DB Did you have any idea you would spend the rest of your life doing that?  
EF How could I? When you’re young, you never look to the future. But everyone was unhappy with their agencies, so
everyone came to us. We’d sit in the garden of my father’s business, at Lexington and 29th Street, with two phones. Daddy finally got fed up with us tying up his lines, too, so we found our own offices on Second Avenue. We sold our car to pay
the rent. 

DB Ford famously became a family affair. Were the
models looking for a den mother?
 
EF Sort of. They wanted a manager too. Some of them didn’t like it, like Naomi Campbell, who left us–four times. Christie
Brinkley told us recently that when she stayed with us and came down at night in her pajamas saying she was doing laundry, she’d get to the kitchen, change into her regular clothes, and put her pajamas in the oven, knowing we’d be asleep when she got home. The models ate with us, they stayed with us. I would teach them manners, if I needed to. We would go to the museum and lectures, and to the country on the weekends. We were the same age at the beginning, don’t forget. We’d eat together, drink together, stay out all night together. We had a great time—but we’d average four hours of sleep a night! 
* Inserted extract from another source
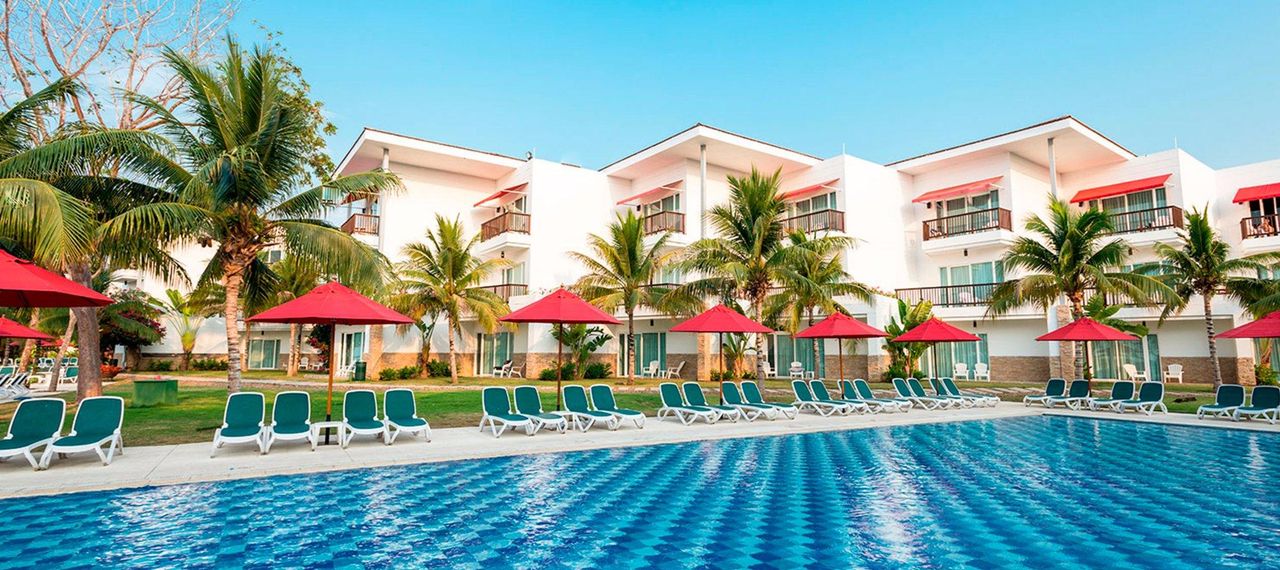 Decameron Barú All Inclusive, Isla de Baru Hoteles en Despegar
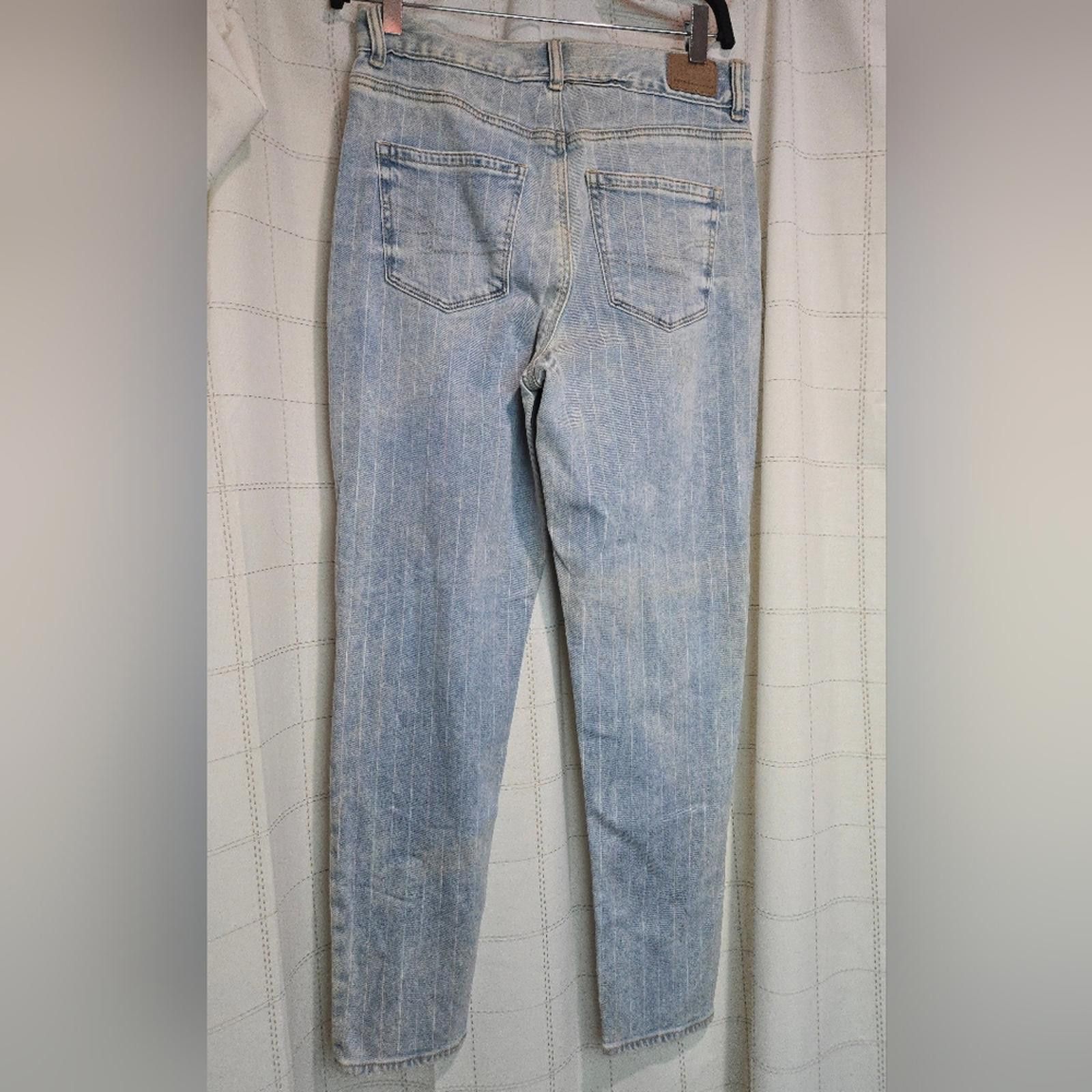 American Eagle Outfitters American Eagle Mom Jean Size 26" / US 2 / IT 38 - 4 Thumbnail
DB Surely there was at least one wild girl. Was Gia ever with you?
EF Once, for about four days. Dick Avedon called us; we told him we didn’t want her, but he promised she was totally reformed. The first thing she did was not show to a booking, so I told her not to come back. She told me that she was in a car giving her dogs a ride or something—I have no sense of humor about that sort of thing. 

DB Indeed, you had little patience for misbehavior. You were mom, manager, and booker. 
EF And their friend. If the girls found themselves in trouble, I helped them, got them into rehab or off whatever they were on. I just found a letter from a model that said she never thanked me for saving her life. She had overdosed, and when I couldn’t get her on the phone, I had the superintendent break her door down and shove her into rehab.

DB Were you an active scouter? 
EF I’m still an active scouter. If I see someone today I’ll speak to them. 

DB You had a theory: “bones and body, body and bones.” 
EF I said that a long time ago. It’s still true, but now I want to amend it to include one other thing: she just has to be born to do it. It’s instinct. As Jerry said, “God made models. But he made very few good ones.”

DB What about personality?  
EF Let me ask you one question about that: Naomi Campbell?

DB Hey, she has plenty of personality!  
EF She has a few personalities. She could be sweet as pie one minute…but you put up with so much more now than I could. I’ve always said we’ve raised a lot of people’s children.

DB Do you think you defined generations of beauty? 
EF I think I verbalized it. I didn’t make a new look—Christian Dior made a New Look. But I have a good sense of fashion. I could put people together. 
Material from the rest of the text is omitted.